Types of Autocorrelation

Last Updated : 17 May, 2021

Autocorrelation:

As we discussed in this article, Autocorrelation is defined as the measure of the degree of similarity between a given time series and the lagged version of that time series over successive time periods. Autocorrelation measures the degree of similarity between a time series and the lagged version of that time series at different intervals.

Autocorrelation Function:

Suppose we have a time series {X_t} which has the following mean:

$\mu = E\left [ X_t \right ]$

and the autocovariance functions

$\gamma_x\left ( t+k, t \right ) = Cov\left ( X_{t+k}, X_t \right ) \, = E\left [ \left ( X_{t+k}- \mu_{t+k} \right )\left ( X_t -\mu_t \right )\right ]$

at t=0,

$\gamma_x\left (k, 0\right ) = \gamma_x\left (k\right )$

and the autocorrelation function is defined as:

$\rho_x\left ( k \right ) = \frac{\gamma_x\left (k\right )}{\gamma_x\left (0\right )} = Corr\left ( X_{t+k}, X_t \right )$

The value of autocorrelation varies from -1 for perfectly negative autocorrelation and 1 for perfectly positive autocorrelation. The value closer to 0 is referred to as no autocorrelation.

Positive Autocorrelation:

Positive autocorrelation occurs when an error of a given sign between two values of time series lagged by k followed by an error of the same sign.

$Corr\left ( X_{t+k}, X_t \right ) > 0 \,for\, k > 0$

Below is the graph of the dataset that represents positive autocorrelation at lag=1:

Negative Autocorrelation:

Negative autocorrelation occurs when an error of a given sign between two values of time series lagged by k followed by an error of the different sign.
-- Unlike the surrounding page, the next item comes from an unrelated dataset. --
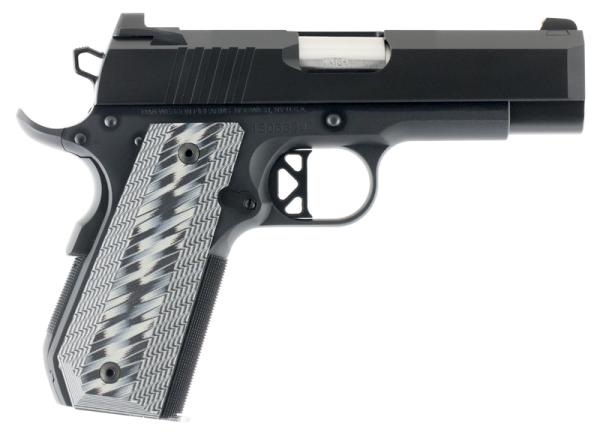 Dan Wesson ECP 9mm 4" Barrel 9-Rounds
$Corr\left ( X_{t+k}, X_t \right ) < 0 \,for\, k > 0$

Below is the graph of time series that represents negative autocorrelation at lag=1:

Strong Autocorrelation

We can conclude that the data have strong autocorrelation if the autocorrelation plot has similar to the following plots:

The autocorrelation plot starts with a very high autocorrelation at lag 1 but slowly declines until it becomes negative and starts showing an increasing negative autocorrelation. This type of pattern indicates a strong autocorrelation, which can be helpful in predicting future trends

The next step would be to estimate the parameters for the autoregressive model:

$Y_{i} = A_0 + A_1*Y_{i-1} + E_{i}$

The randomness assumption for least-squares fitting applies to the residuals of the model. That is, even though the original data exhibit non-randomness, the residuals after fitting Y_i against Y_i-1 should result in random residuals.

Weak Autocorrelation

We can conclude that the data have weak autocorrelation if the autocorrelation plot has similar to the following plot at lag = 1:

Lag plot at Lag =1

The above plot shows that there is some autocorrelation at lag=1 because if there is no autocorrelation the plot will be similar to this plot on random values with lag=1

The conclusion can be drawn from the above plot

An underlying autoregressive model with moderate positive/negative autocorrelation.
There were very few outliers.

The above weak autocorrelation plot have some autoregressive model that can be represented in such a form

$Y_(i+1) = A_0 + A_1*Y_(i) + random-error$

at Y_i =0, we can obtain the residual of estimators.

$Y_(i+1) = A_0 + random-error$

It is easy to perform estimation on the lag plot because of the Y_i+1 and Y_i as their axes.

Implementation

In this implementation, we will be looking on how to generate correlation plots and lag plots. We will use the flicker dataset and some randomly generated samples for this purpose.

python3

# Necessary imports
import numpy as np
from numpy.random import random_sample
import pandas as pd
import matplotlib.pyplot as plt
import statsmodels.api as sm
from statsmodels.graphics.tsaplots import plot_acf 
 
# Generate Autocorrelation plot at different lags
# with a given level of significance.
weak_Corr_df = pd.read_csv('flicker.csv', sep ='\n', header=None)
plot_acf(weak_Corr_df, alpha = 0.05)
 
# Generate Lag plots for a particular lag value
pd.plotting.lag_plot(weak_Corr_df, lag = 1)
 
# Generate 200 random numbers and plot lag plot and autocorrelation plot for that
random_Series = pd.Series(random_sample(200))
pd.plotting.lag_plot(random_Series, lag = 1)
plot_acf(random_Series, alpha = 0.05)